We had a very interesting conversation covering a lot of ground, but since the book has been out for a while, and isn’t in a price range where most people can afford to pick up a copy (currently around $200, which I guess is the norm for academic publishing these days), I asked Dr. Erdmann for permission to post a few excerpts, which I’ll be posting in bits and pieces. Here’s the first:
One can’t help but know, in listening to you, that it’s obvious you practice the trumpet; people don’t just pick up the trumpet and sound like you do without putting in the time. What does a practice session of yours look like these days?

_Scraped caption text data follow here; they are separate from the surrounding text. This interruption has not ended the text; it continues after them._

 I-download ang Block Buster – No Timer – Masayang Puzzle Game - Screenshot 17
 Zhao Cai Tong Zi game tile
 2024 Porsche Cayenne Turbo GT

Thank you—it has not been a straight-line journey as I’m sure any musician in their middle age will tell you. I went through years of really difficult embouchure challenges that I think were formative for me. I was late in getting serious about practicing. I played the French horn up until high school, and didn’t get serious about practicing the trumpet until I was 16 or so. But at that first burst of trumpet interest things came really easy. I had high chops even though I wasn’t doing it in a healthy way; using lots of pressure and making all of the usual mistakes. In college I was unsatisfied with the pace of my progress and felt I had to move things along faster, so I was going to fix my embouchure for good. At the time I played out of the side of my mouth and so I decided I was going to move my embouchure by playing right in the middle of my chops. That would be the secret to finding a shortcut. Instead of being a shortcut it ended up being 10 years of wandering in the wilderness where I could not count on anything from day to day. It was tough, and there were many times I was on the verge of quitting.

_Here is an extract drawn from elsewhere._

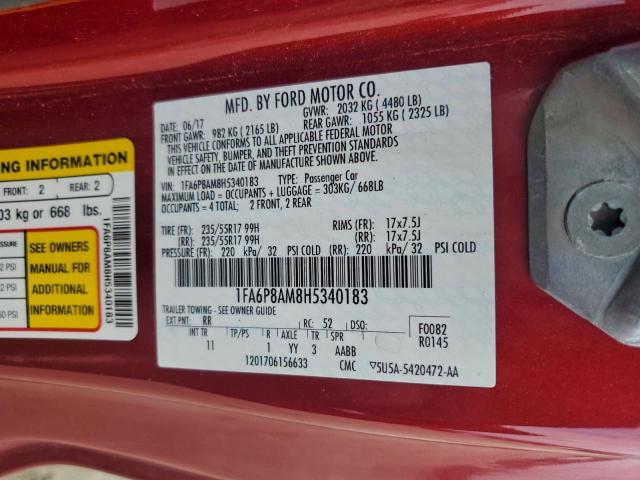 Ford Mustang Image 7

There were some really positive things that came out of this like discovering late Chet Baker after his chops got smashed. I learned how much music there is to be made even if your body is not at its best that day. As messed up as he got he never lost that amazing gift for melody and swing. There is a version of But Not For Me he did on The Touch Of Your Lips where he plays a trumpet solo and then scats a solo and there’s almost no difference in feel between the two of them. The trumpet and the chops have nothing to do with what he was doing musically at that time; he was “letting a song go out of his heart” if you will. To me, that was a valuable lesson. … As things started to slowly get better with the help of teachers as well as dumb luck, and as I worked my chops back to regularity—it’s easy to kick myself over that detour—but as I came back to chops normality after having learned all of these lessons about music, the trumpet and my chops, I think it took all of that mess to be at the level of self-knowledge that I am now in terms of how my chops work and how to play.
I forget who said it, but the saying goes, “There are two things you should work on, stuff you’re good at and stuff you’re not good at.” The reason is that on the stuff you’re not good at you need to develop it, but with the stuff you’re good at you also want to work on it because it will become your sound, your thing. You don’t want to stop working on things you do well, you want to build on those things.